The London Design Festival has come around again. Each year it seems to get bigger and more diverse, but not diverse enough for Neville Brody who has launched the Anti-Design Festival to inspire creative thinking and risk-taking. Their manifesto is to "shift the focus from bums-on-seats to brain food". A commendable idea and we agree designers should be inspired and challenged, but should a design be criticised simply for being commercial? Shouldn't design be accessible to everyone? We'll watch the debate in action as the week progresses.
As we mentioned earlier, we will be keeping ourselves busy this week with a presence at the two premier shows of the Festival - 100% Design and The Tramshed, so we took the opportunity yesterday to do a whistle-stop tour of a fraction of the events on offer this year.
First up was the V&A - the festival hub and host to some impressive installations. Save some time to take the Hidden V&A iPod Tour, specially commissioned for the festival and lose yourself in some of the less visited spaces of this amazing (and free!) London resource.
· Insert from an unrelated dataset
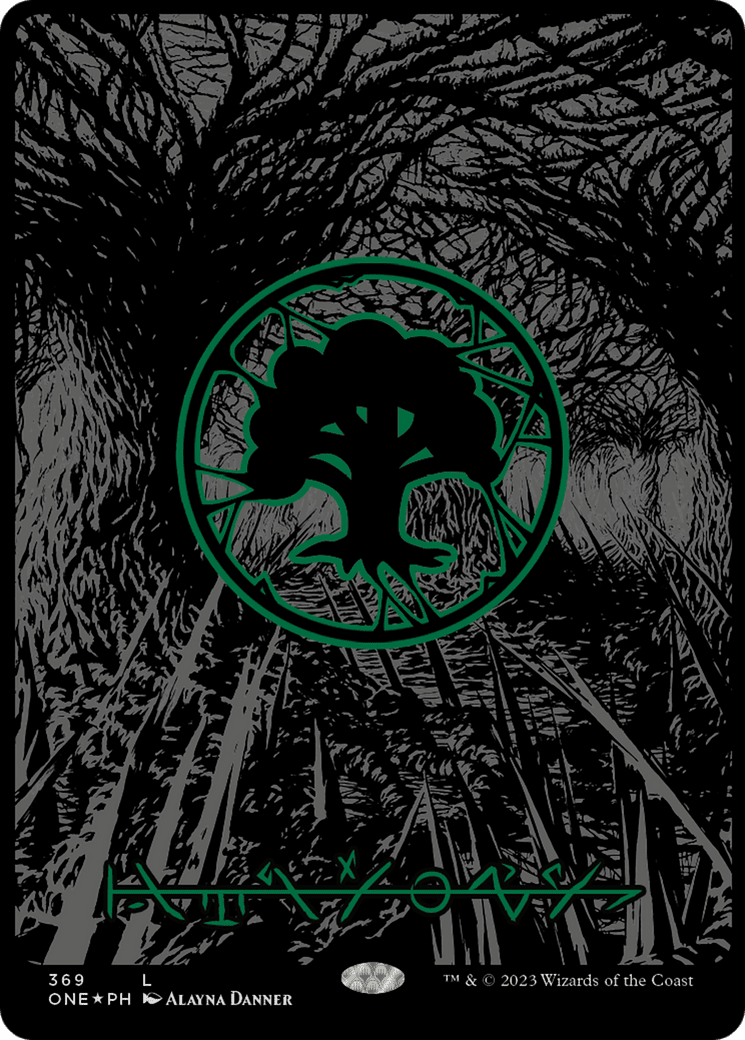 Forest (369) (Oil Slick Raised Foil) [Phyrexia: All Will Be One] MTG Single Magic: The Gathering  | Multizone: Comics And Games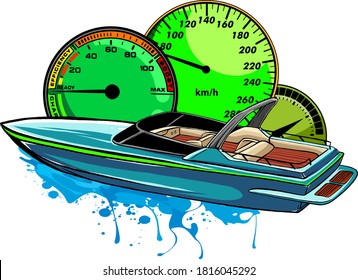 Motor boat race Vector illustration design art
Also at the V&A are installations by Michael Anastassiades (Kinetic Light in the Music Room), Stuart Haygarth (Framed on Staircase P leading to the Architecture Rooms) and Relay favourite Max Lamb whose Vermiculated Ashlar-Plaster Bench was still drying when we visited. All shown below.
While you're in the Brompton Design District, make sure you stop by mint for their Homework exhibition, below, and Italian brand Skitsch are hosting one of two Dezeen Watch Store pop-ups (the other will be our neighbour at The Tramshed - the temptation might prove too much).
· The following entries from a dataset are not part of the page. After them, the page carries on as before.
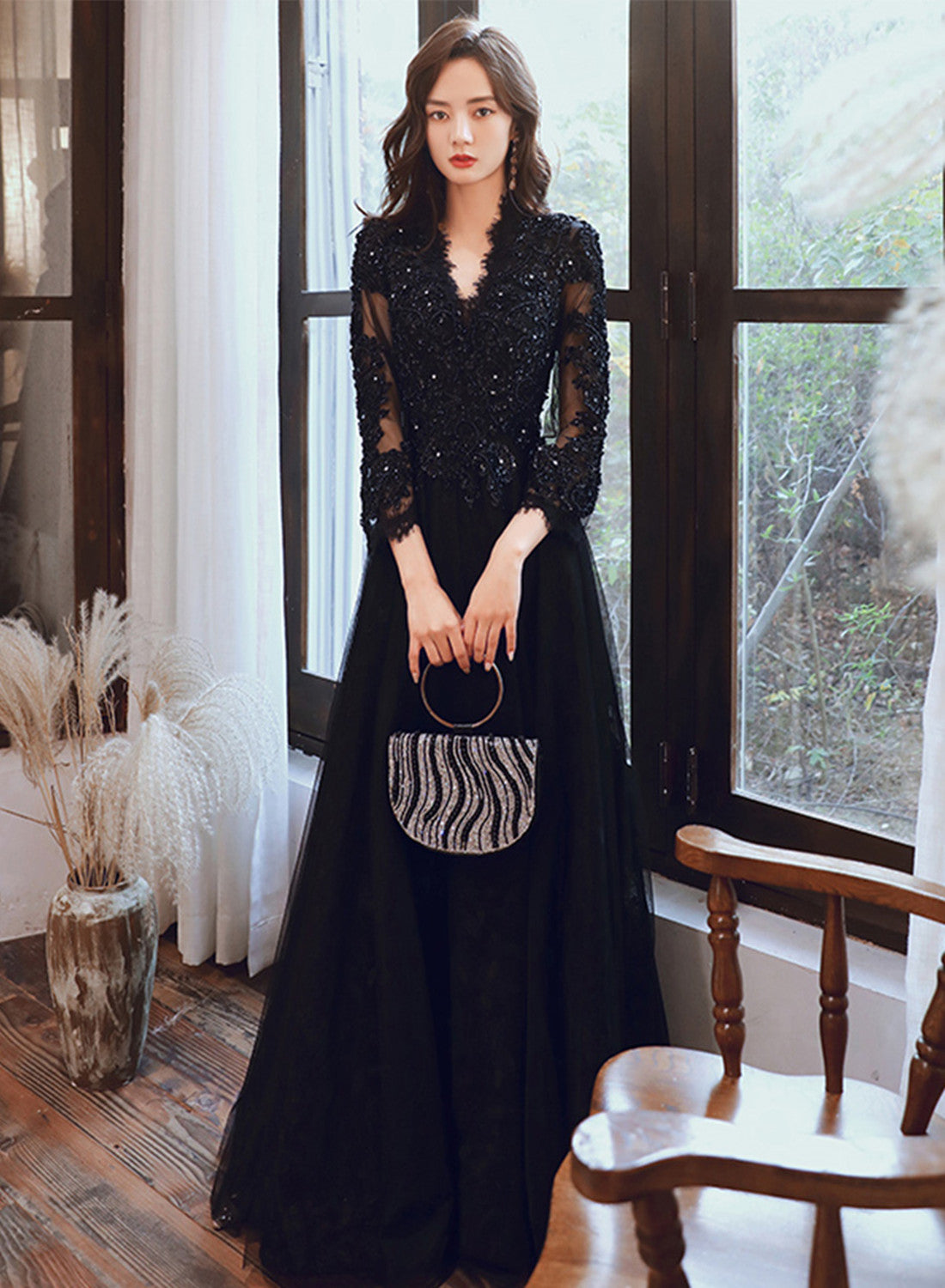 The Look Of Elegance Black Tie At The Front Deep V Ruched Long Sleeve Cocktail Party Dress Midi
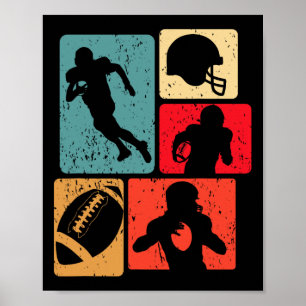 Poster Jogador de Futebol Americano Divertido Enthusiamo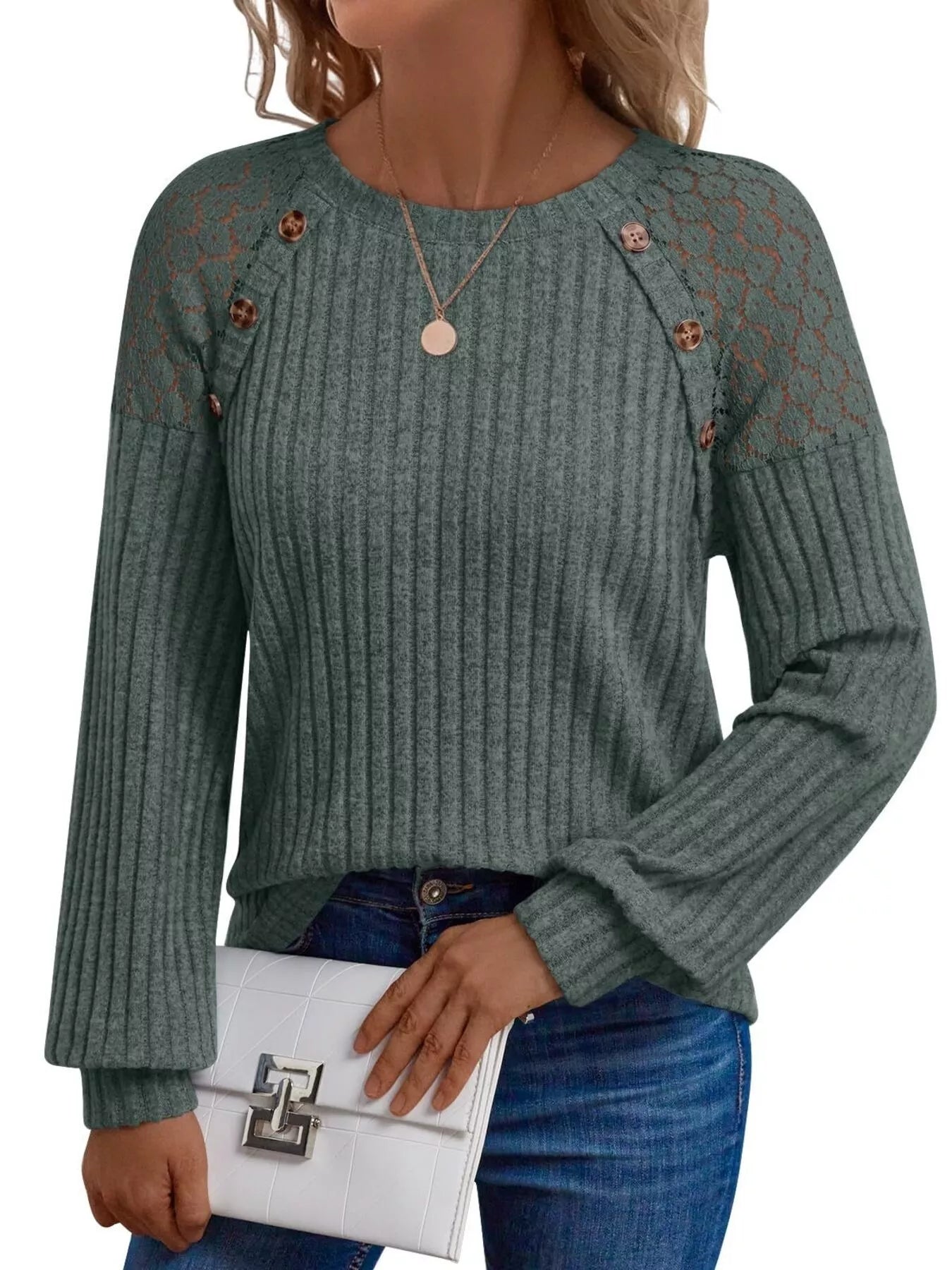 Ribbed Knit T-Shirt with Lace Shoulder Detail Olive Green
Moving into central London we managed to get through the crowds gathered to see/protest against the Pope and saw Outrace in Trafalgar Square. The robots had gathered quite a crowd but no one seemed to know what they were doing. You can send your own message for the robots to write here.
Down on the South Bank, Paul Cocksedge's Drop, below, had also drawn a crowd and this time, people instinctively knew what to do.
Down the steps to Canteen was the installation of Thomas Heatherwick's Spun chair, below. Adults and children alike took great delight in spinning and spinning and spinning. It would seem the secret to lifting your mood is to take one of these for a spin.
See you at 100% Design and/or The Tramshed.